Turbonomic has helped us address performance degradation under VMware. It identifies when there's a bottleneck in the storage line, so we can start moving some virtual disks around to different ones. It helps in the older silo structure. The performance degradation is on the VMware or the fiber channel SAN side. Some of the SANs are nine years old.
It is able to identify points before we even noticed them. We're meeting all our SLAs because it never gets to the point where they catch something. They might say, "Oh, it seems a little slow," and then they'll return from lunch, saying, "Oh, it's okay again."
We log into it in the morning and let it sit up in the NOC. We take a peek when it shows something. We'll check it out if it's red, but it'll usually clear up if it's yellow. For example, all systems might run at 110% immediately before registration closes while students try to get their last class for their senior year registered before the other students. We'll return to our normal 20-30% usage in about an hour and a half.
They won't notice a thing because we'll be moving to more of a Kubernetes Docker-style system with Nutanix Carbon. I will probably try to integrate that with Turbonomic. We will probably connect Turbonomic deeper into that stack because that will be able to pull and spin up new Dockers automatically on hardware and not within anything else, giving the server room to spin up another Docker. Theoretically, I've got room for about 600 more containers, and we currently use 15.
We're centralized IT. I use Turbonomic mainly as a showback because we don't charge our different departments. There technically is no charge in our current Red Hat licenses, and that's picked up. We pick that up and get requests in. There is no self-service here.
The instructor says, "I need 400 cores and two terabytes of RAM to run my analysis." I'm like, "That's how they run it on a supercomputer. We don't have those here. Now, if your research grant wants to buy us one, sure, we'll set it up. Tell us where the half-million dollars is, and we'll set it up for you." There's no self-service here, but we use it for a showback.
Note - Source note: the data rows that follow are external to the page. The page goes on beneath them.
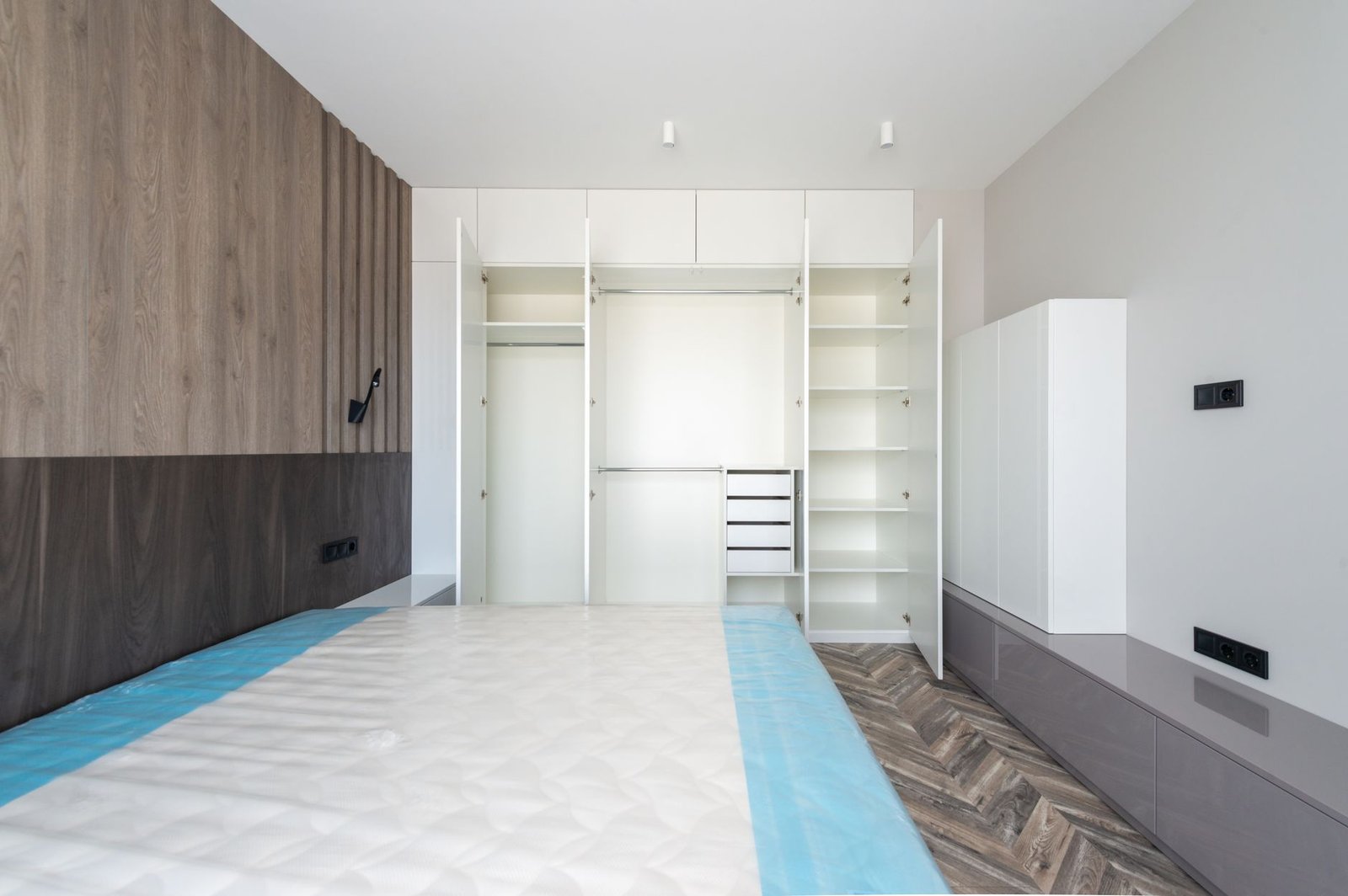 Rénovation de chambre clé en main à Lyon avec sol et peinture refaits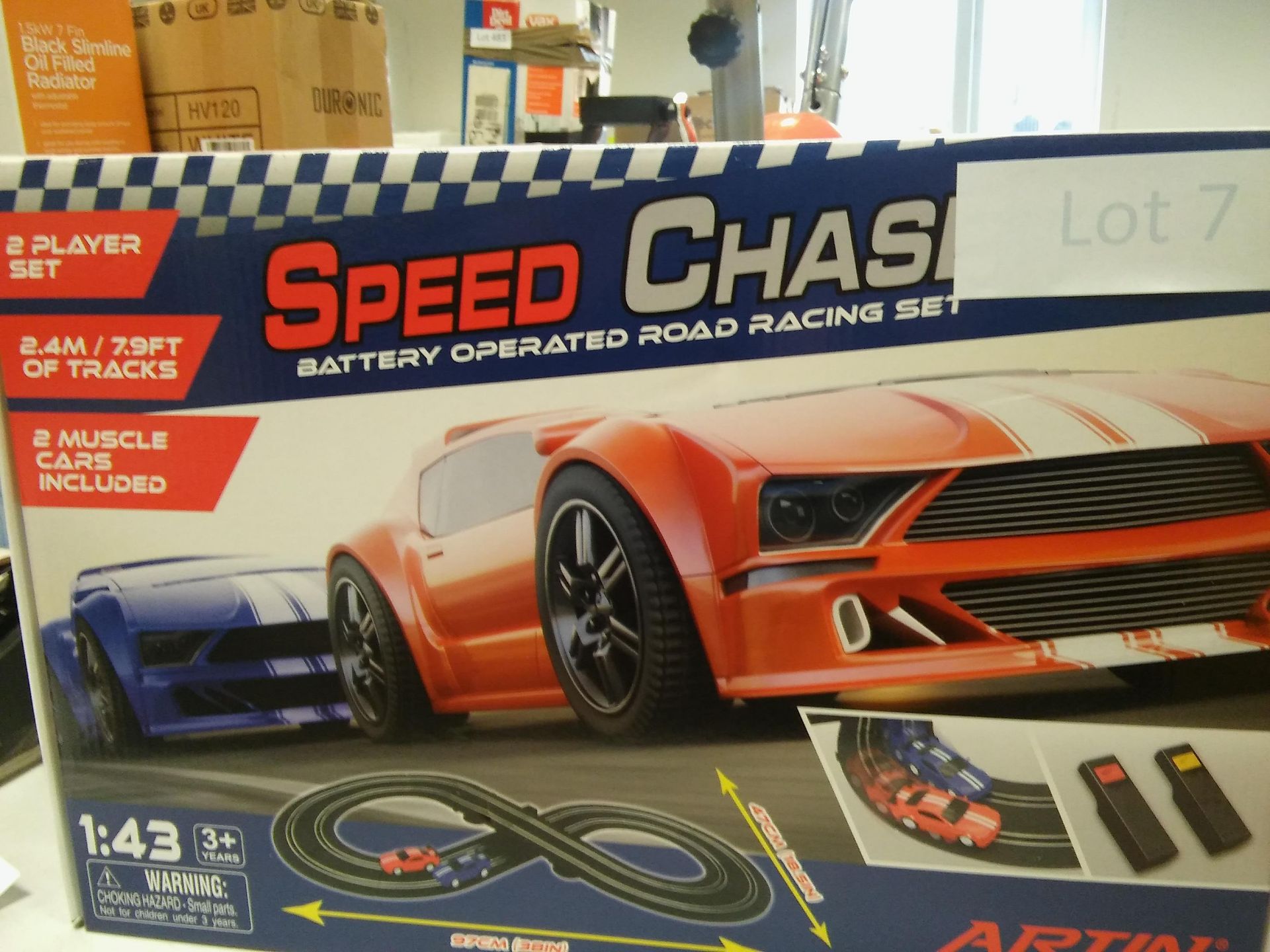 "Artin Evolution" Speed Chase battery operated road racing set.New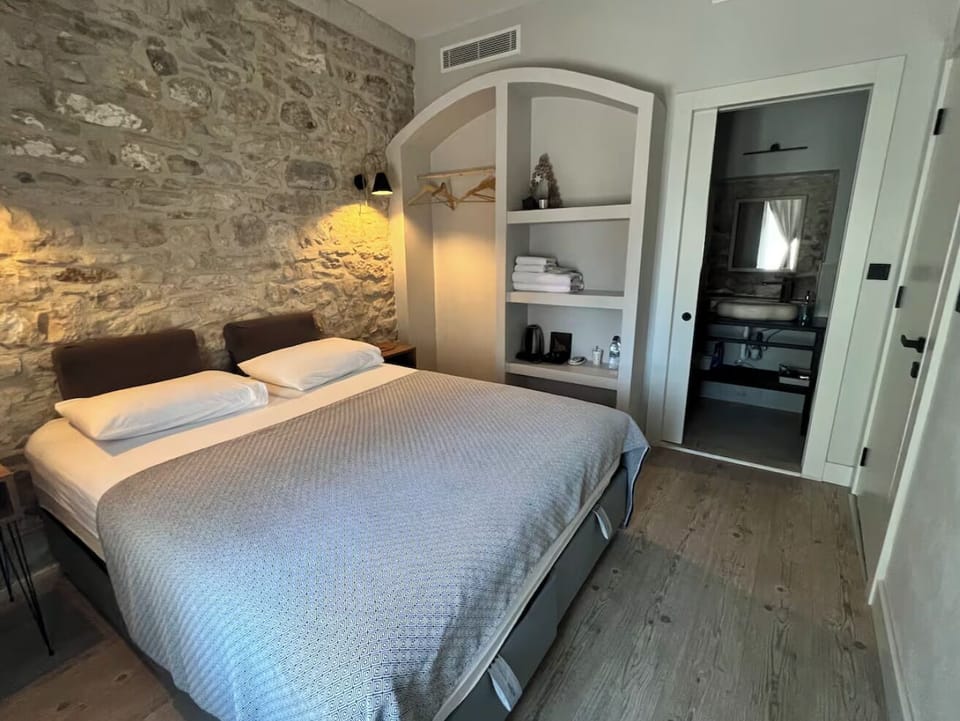 Basic Double or Twin Room, City View | Free WiFi, bed sheets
We had Turbonomic load-balancing all our clusters, and we did not let VMware load-balance our clusters because of the algorithms. Their marketing and share algorithms were much more precise than VMware's because I had disparate-sized servers.
VMware liked to put a heavy load on my little boxes and leave my big boxes alone, or it stuffed the big boxes full and left the little boxes alone. Turbonomic keeps everything about even. Their algorithm for load balancing was much cleaner until the ESXi 7 than VMware. That made the hardware more cost-effective because I didn't have little guys sleeping in a corner someplace sucking up hardware, power, and cooling while not doing any work all day.
Resource starvation has never been an issue for use. We run different resource pools, and we've never had any service hit 100%. I have redundancies and reserve capacities needed to weather any storm. We use Turbonomic primarily to monitor and maintain equal resources on all servers.
We've never had a server hit 100%. I might have one hit 80% periodically before they moved something around. We've been in the VMware game since 2.X back when a monster server had four cores and 32 gigs of RAM. We've been virtualized over 80% for the last 12 years. We've been heavily virtualized for over 80% of the previous decade. We knew virtualization was the way it was going and went for it.
It reduced our operational expenditures because I have reclaimed some of the time typically spent generating reports. It's part of our system, and we just use it. Turbonomic is part of our network operations center. The dashboard is on my screen, so I can see if the indicators turn yellow or red. I can address the issue before it gets to the point where I'm getting calls from the service desk.
Great review. Been a user for over two years and recommend the product highly as it is valuable especially the planning module. The automation is great too.